The focus in this study was to investigate how to implement and do performance measurements of an existing and commonly used multicore processor system with a single bus interconnection. Of special interest was the performance for different scheduling algorithms used by the bus controller. The selected system was the LEON3 processor with a single bus architecture and the operating system Real Time Executive Multiprocessor Systems (RTEMS).

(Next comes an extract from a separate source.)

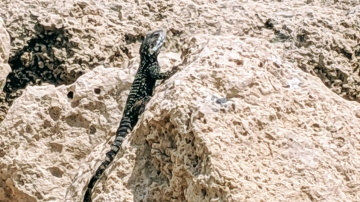 Retreat 2019 picture no. 43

The LEON3 processor is widely accepted as a reliable hardware with a minimum amount of bugs. A lot of research has been done with the LEON3 processor and it is part of a living community. Furthermore, The LEON3 processor is well documented and it is relatively easy to find solutions for problems on the Internet. An example of an earlier study with the LEON processor's performance in focus was done by Westlund. Westlund showed a performance comparison between the LEON2 processor and the NIOSII processor [21]. His study indicates which performance can be be expected from the LEON2 processor in a single processor system. However, there is a lack of information about performance measurement with the LEON processor in a multiprocessor environment.

The operating system RTEMS is not as common and widely used. The documentation that is available is well written but more of a specification for development of RTEMS than instructions for a user to develop applications. However, some research has been done on RTEMS as a single processor operating system. For example, Colin and Puaut did measurements and static analysis for worst-case execution in RTEMS [7]. Their work shows expected worst-time for semaphores and Task managing. However, performance measurement for the time resolution in the operating system RTEMS in combina-

tion with the overhead for context switch between Tasks is also not available.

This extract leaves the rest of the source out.